The young lion's story was told at the Murrieta Public Library by the researchers who tracked it to illustrate the lives of mountain lions and how encroaching development is reshaping their actions.
The Tuesday night presentation mirrored those held by Santa Rosa Plateau Ecological Reserve staff members to teach those who live next to the wildlife area.
"We share a very permeable boundary," said reserve director Carole Bell. "These animals move and back forth freely between cities and the reserve."
The presentation was not intended to frighten residents but to inform them about the animals that live in their vicinity and what they can do to remain safe.
Puzzo is part of a group that began studying mountain lions in the Anza-Borrego area in 2001. Four years later, the group began tracking five mountain lions on the reserve. The studies help scientists determine where important wildlife corridors are.
"This leads to conservation issues," he said. "They are a great species to research because mountain lions need a huge area to live and travel from fragmented area to another by using these corridors."
On Tuesday, Puzzo showed maps in a slide show presentation displaying where the lions had traveled. The crowd of about 30 people gasped in amazement as the colored dots showing the big cats splattered across Southern California from the desert up to Highway 91.
Puzzo said it's important to educate residents because there is a misconception that mountain lions are attacking people at a large rate. In fact, since 1890 there have been 16 confirmed attacks and six fatalities in the state, Puzzo said.
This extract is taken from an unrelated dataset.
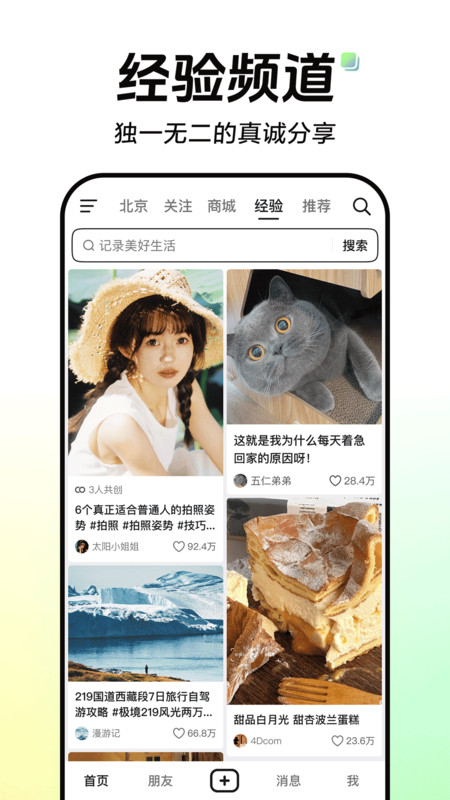 抖音短视频app官方免费下载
Puzzo emphasized that when a hiker comes across a mountain lion, he or she should act "big and bold" and never run away. The mountain lion research showed that in many cases hikers were within 100 feet of mountain lions on numerous occasions and nothing happened.
"They would much rather run away and be done with you," Puzzo said.
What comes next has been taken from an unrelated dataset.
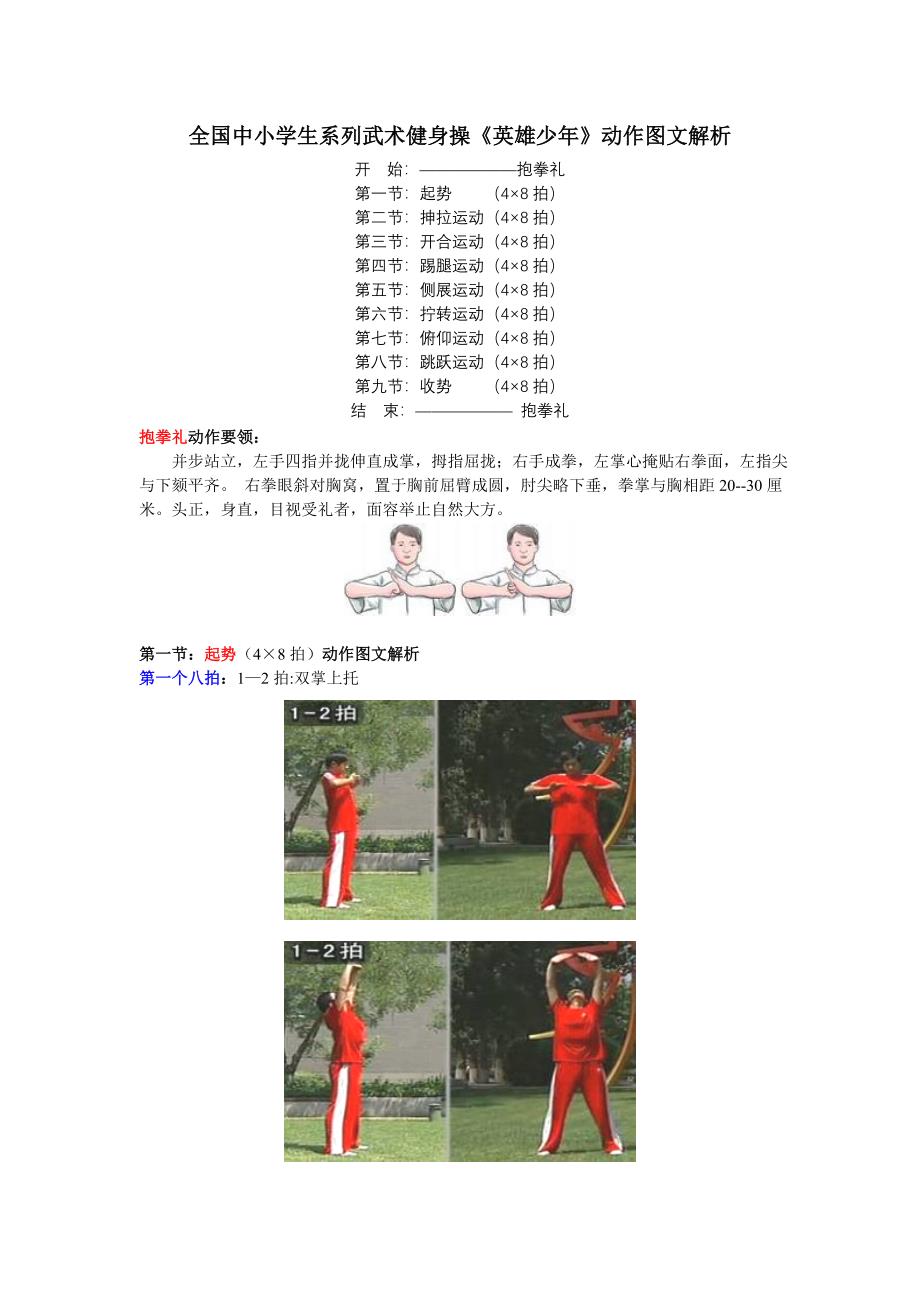 全国中小学生系列武术健身操《英雄少年》动作图文解析（一）_第1页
The researchers stressed the importance of keeping animals locked up so the state can stop issuing permits to kill wildlife.
Of the 48 mountain lions collared by the group, a handful died.
Some have been killed trying to cross freeways. One was killed in a large San Diego fire.
The reserve lost its first collared lion when someone illegally shot it on an undeveloped parcel of land near the reserve.
"My hope is that some of you go home tonight and tell people what you have learned so people can learn about the wildlife in our area," Bell said.